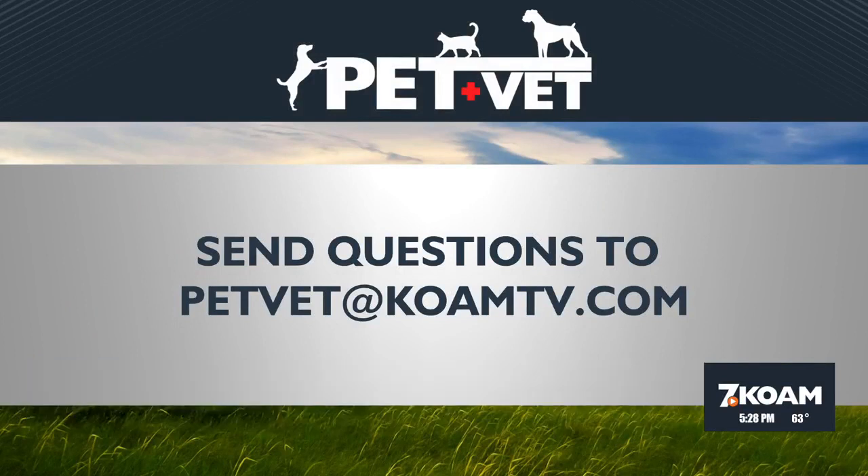We invite questions from anyone — if you have a question, just send it to petvet@koamtv.com. Dr. Eva Dudek from the Parsons Pet Hospital answers a different question, or as in this case brings us a fun fact, every Wednesday on KOAM News at 5.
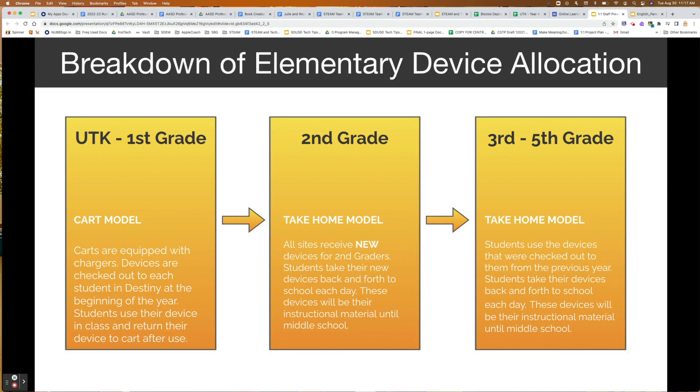Currently we have UTK through first grade in a cart model. Last year all TK, K, and first grade classrooms were equipped with 25 computers, chargers, and cables. We currently have a scope from facilities planning and construction for all new UTK classes coming in. It will take us probably September and into October to get all of those needs fulfilled, so please make sure your kinder and first grade classrooms have devices and chargers for students to use. Note: UTK is coming soon.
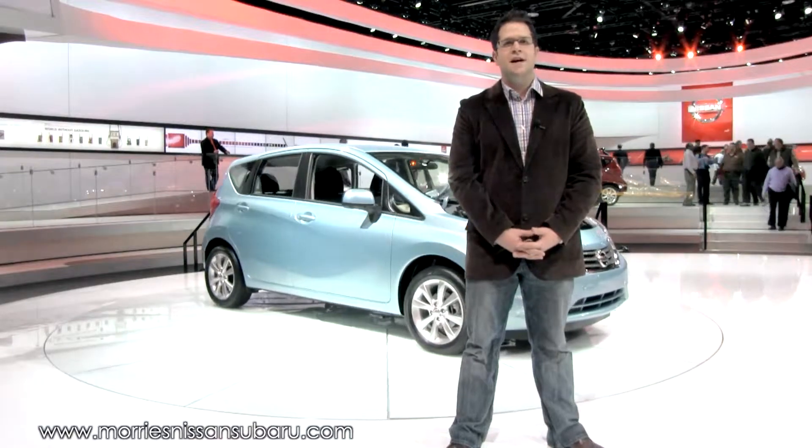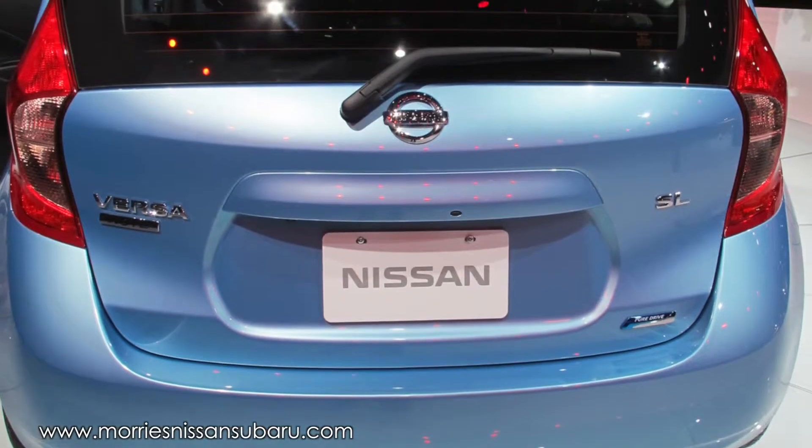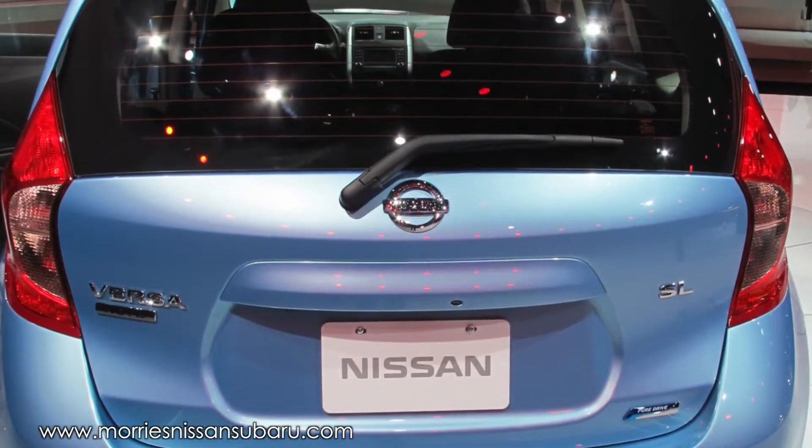According to Nissan, the Versa Note will have best-in-class cargo space and get up to 40 miles per gallon on the highway, with help from Nissan's first active grille shutter.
* * * * * * * * *
INSTRUCTIONS FOR THE TASK = Starting with the line that holds "Currently we have", retype each line through the last one in the listing above, exactly as written. Do not copy any pictures.

RESPONSE =
Currently we have UTK through first grade in a cart model. Last year all TK, K, and first grade classrooms were equipped with 25 computers, chargers, and cables. We currently have a scope from facilities planning and construction for all new UTK classes coming in. It will take us probably September and into October to get all of those needs fulfilled, so please make sure your kinder and first grade classrooms have devices and chargers for students to use. Note: UTK is coming soon.
According to Nissan, the Versa Note will have best-in-class cargo space and get up to 40 miles per gallon on the highway, with help from Nissan's first active grille shutter.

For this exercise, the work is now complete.